Peu avant 8 heures, je croise un garçon de mon âge avec les deux chiens, la relève de la garde… des vaches, assurément. Qu’il soit tranquille, je me suis bien occupé d’elles durant la nuit, je n’ai pas fait trop de bruit pour ne pas les réveiller, moi !
Depuis le col de la Vallée étroite et pour quelques jours jusqu’au col Girardin (2700 m), nous cheminerons dans le département des Hautes Alpes (05 – chef lieu : Gap). Passage illico dans les Alpes de Haute Provence (04 – chef lieu : Digne) et le dernier de tous, le plus attendu, le plus lointain pointera le bout de son nez : les Alpes Maritimes !!!

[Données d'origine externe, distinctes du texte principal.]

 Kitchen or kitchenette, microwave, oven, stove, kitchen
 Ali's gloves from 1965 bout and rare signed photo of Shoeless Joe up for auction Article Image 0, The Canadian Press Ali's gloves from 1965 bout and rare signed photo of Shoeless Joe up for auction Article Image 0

Ce compte à rebours départemental me met en joie et suis tout guilleret en descendant sur les chalets de Turini (1765 m). Une autre raison rend cette journée euphorisante. Nous sommes le 1er août et atteignons le quarante-deuxième jour de marche. L’été dernier, il m’a fallut exactement quarante-deux jours d’intenses efforts pour traverser les Pyrénées d’Hendaye à Banyuls, sur le GR10. Quarante-deux jours. Dit comme cela, ce n’est rien, des mots, des jours mis bout à bout, incapables à eux seuls de relater le cocktail de difficultés, d’efforts et d’âpreté d’une telle traversée. Quarante-deux jours. Combien encore avant de pouvoir savourer le dernier des panoramas, celui ouvrant sur l’immensité de la Méditerranée ?  
 
 
Les chalets de Turini comptent plusieurs refuges comme le très joliment nommé rifugio dei re magi (le refuge des rois mages). Une petite chapelle et sa fontaine, de vieilles habitations bien restaurées et d’antiques granges en pans de bois sculptées, depuis trop longtemps rongés jusqu’à l’âme par les éléments. Tout ici est aux couleurs de l’Italie : les drapeaux, les écriteaux, les véhicules et bon nombre de randonneurs ou propriétaires. Une enclave italienne en terre de France, tradition héritée du passé et des ajustements de frontière dictés au grès des vainqueurs successifs.
Aucun problème de balisage ou de signalisation pour attaquer en forêt de mélèzes l’ascension vers le col des Thures (2194 m). Du petit étang sommital qui s’étiole doucement, le panorama permet d’admirer les crêtes de la Miglia, le sommet de l’aiguille rouge et derrière nous déjà la vallée Etroite, le Grand Séru, frère protecteur du Thabor et les falaises grises entourant les pointe Balthazar, Gaspard et Melchior à plus de trois mille mètres. Les rois mages sont bel et bien là, majestueux, presque divins. S’ils ont été changés en trois pics imposants, c’est donc que le Christ serait italien plus que Nazaréen ? Bien sûr puisque le Pape lui habite à Rome !!!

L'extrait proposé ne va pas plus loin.